The Reminder
- Type: Weekly newspaper
- Owner: Glacier Media
- Publisher: Nancy Johnson
- Editor: Eric Westhaver
- Founded: 1946
- Language: English
- Headquarters: 14 North Ave, Flin Flon, Manitoba, R8A0T2
- Circulation: 4137 (total for 3 editions)
- Website: www.thereminder.ca

= The Reminder (Flin Flon) =

Canadian newspaper in Manitoba

The Reminder (formerly The Flin Flon Daily Reminder and The Daily Reminder) is a weekly newspaper published every Wednesday in Flin Flon, Canada, a city located on the border of Manitoba and Saskatchewan. It is the only locally published newspaper in the area (which includes adjacent Creighton, Saskatchewan, Denare Beach, Saskatchewan and Cranberry Portage, Manitoba).

== History ==

The Reminder was founded as The Flin Flon Daily Reminder on October 16, 1946 by Tom Dobson, an employee of Flin Flon's largest employer, Hudson Bay Mining and Smelting. The first few issues of the Daily Reminder were stapled together at the top corner and handed out to workers coming off shift at the main gate. Originally publishing six days a week, The Reminder competed directly with the community's original newspaper, The Flin Flon Daily Miner, which ended its run in 1966 after a fire struck its headquarters.

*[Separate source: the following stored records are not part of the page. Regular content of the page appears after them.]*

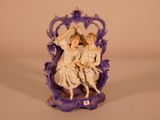 a figurine of two people sitting on a bench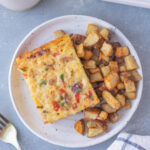 An overhead shot of a white plate with a piece of bacon breakfast casserole and roasted potatoes with another casserole dish, a mug of coffee, and fork on the side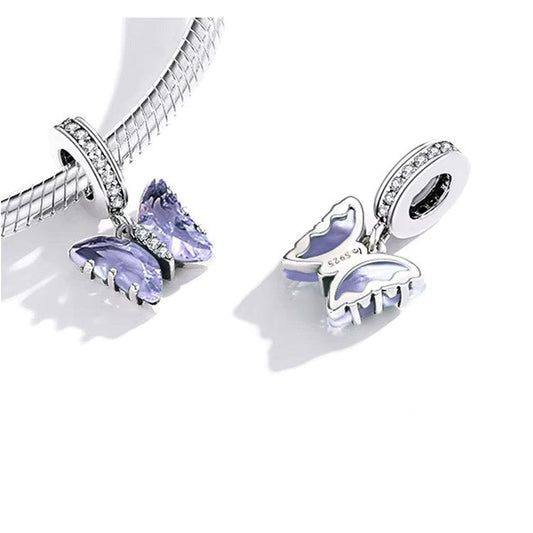 A Sterling 925 silver charm featuring a purple butterfly with clear crystal embellishments on the wings, attached to a loop with cubic zirconia. in a pandora bracelet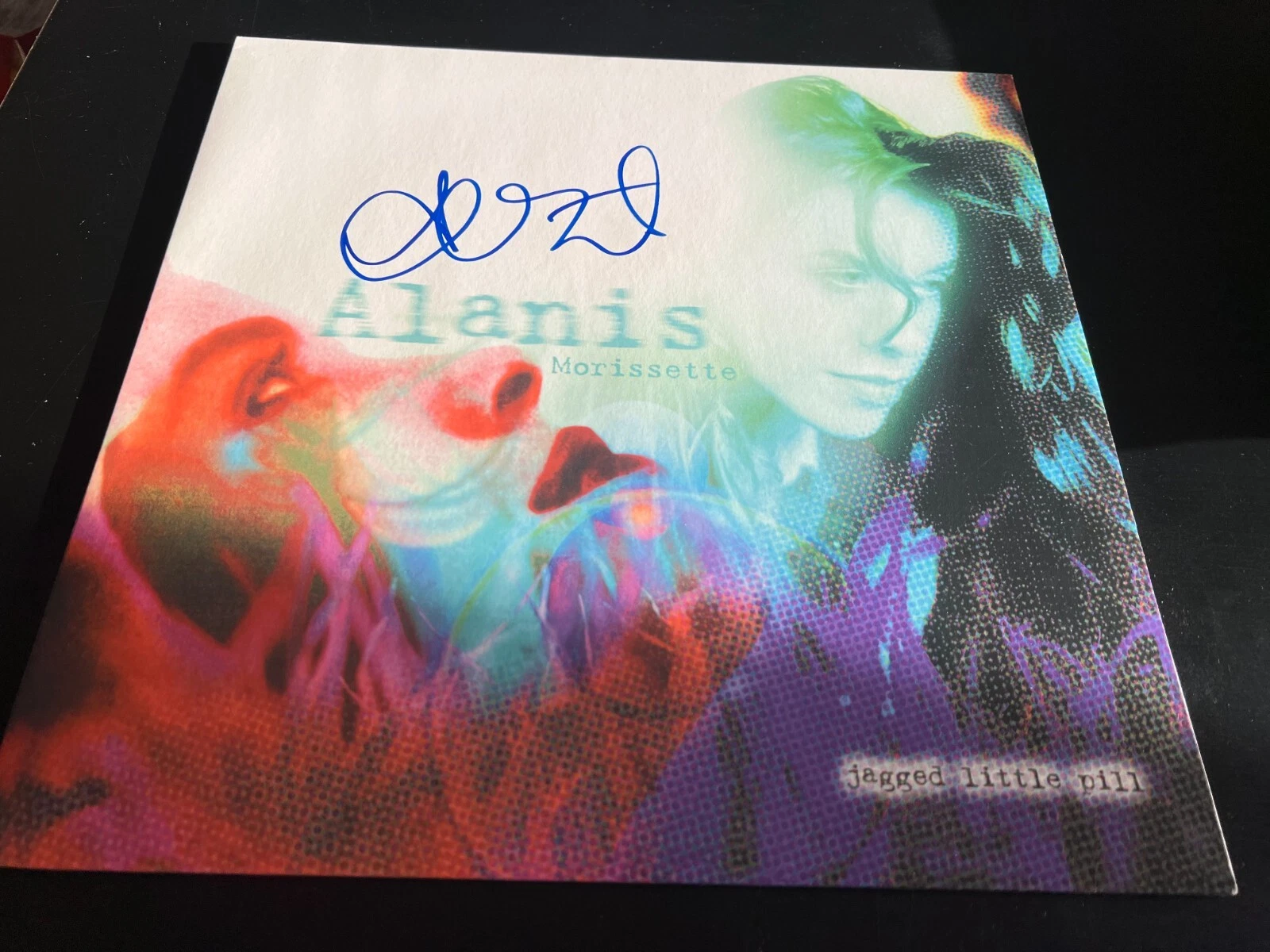 ALANIS MORISSETTE SIGNED AUTOGRAPH VINYL JAGGED LITTLE PILL IRONIC BECKETT BAS N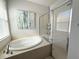 Bathroom showcasing a soaking tub and separate glass-enclosed shower with neutral tiling at 6400 Falcon Lair Dr, North Port, FL 34287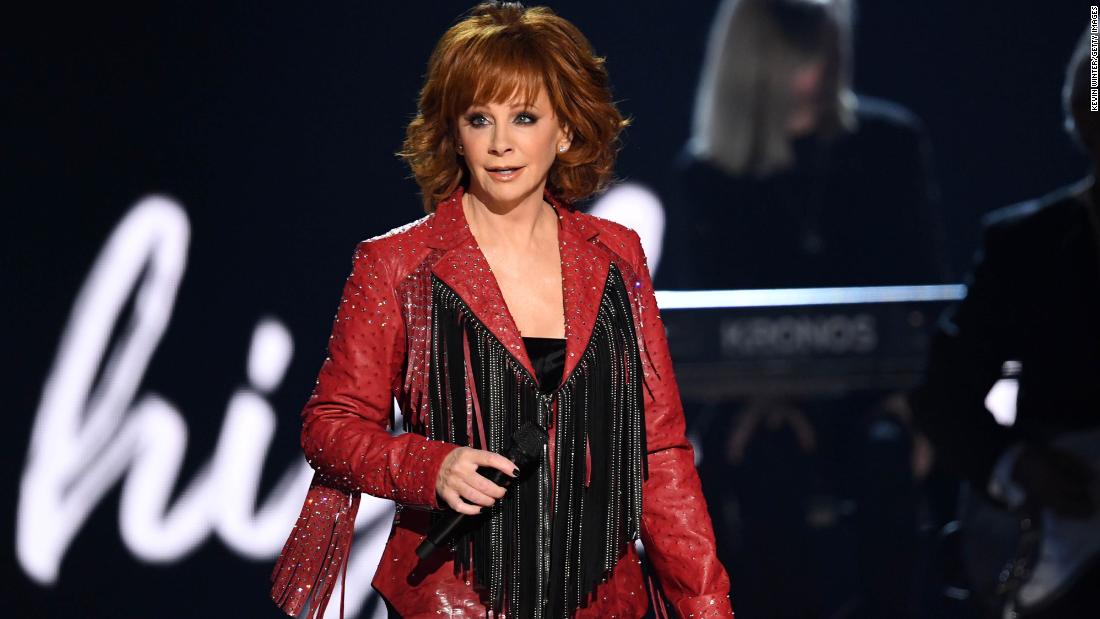 Country star Reba McEntire has to be rescued from a second-story window after stairs collapse in historic Oklahoma building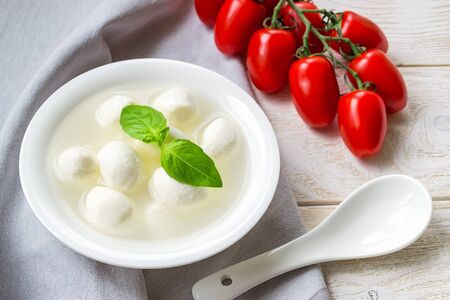Mini mozzarella cheese balls with brine, branch of red cherry tomatoes and porcelain spoon on a ...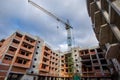 Crane construction bricks concrete building in city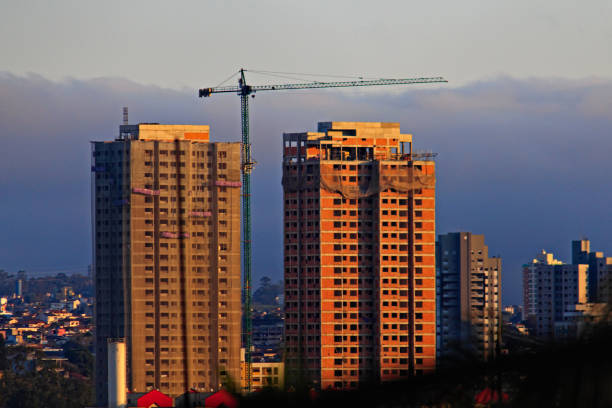 skyline at dusk, with two multi-story buildings under construction - MOGI DAS CRUZES,  SAO PAULO,  BRAZIL.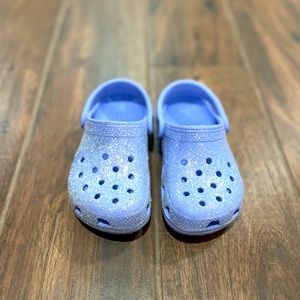 Purple sparkle crocs for children.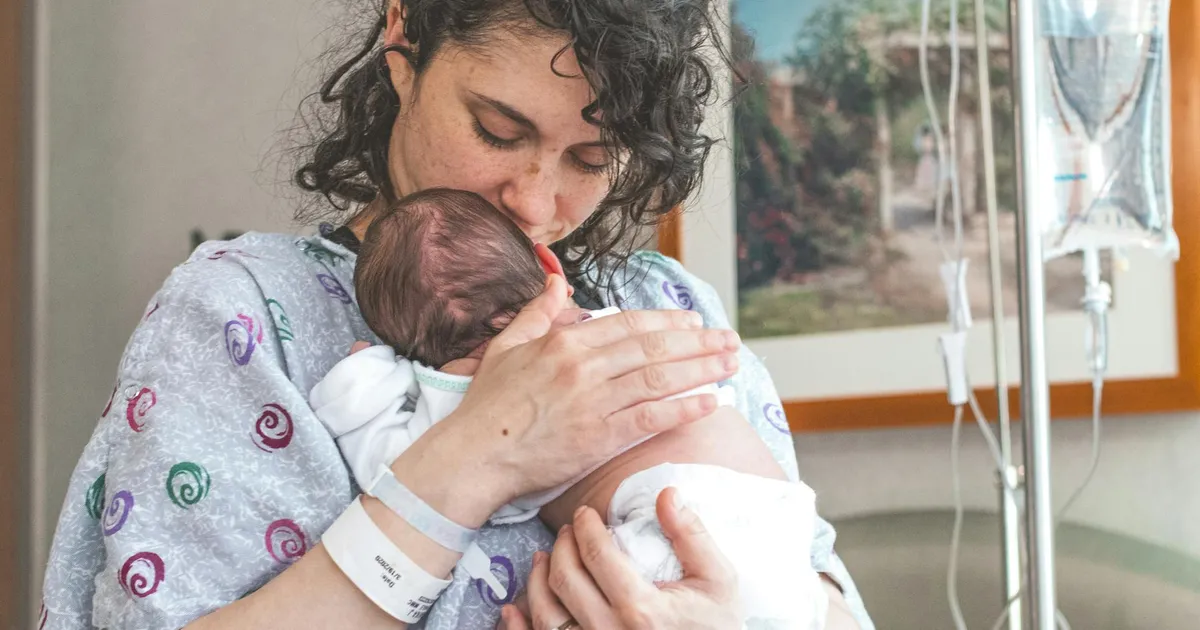 Mother gently holding newborn baby in hospital setting, showcasing warmth and love.
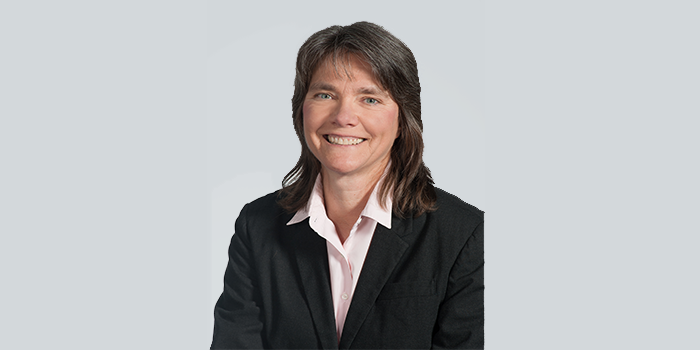 Betsy Hoza in portrait against a gray background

Dobson sold The Reminder in 1989. By then the publication schedule had been cut back to five days a week, Monday to Friday. In 2005, The Reminder became a tri-weekly newspaper with editions every Monday, Wednesday and Friday. It also adopted a larger page format. Within several months, the publication introduced an editorial page that included regular commentary on local affairs. The paper's reduction to a tri-weekly trimmed the number of daily newspapers in the Canadian Prairie provinces from 18 to 17.

The Reminder was later reduced to two editions per week, publishing on Wednesdays and Fridays. The Friday print edition was eliminated in early 2017. The newspaper now publishes an edition every Wednesday, with a website that is updated daily.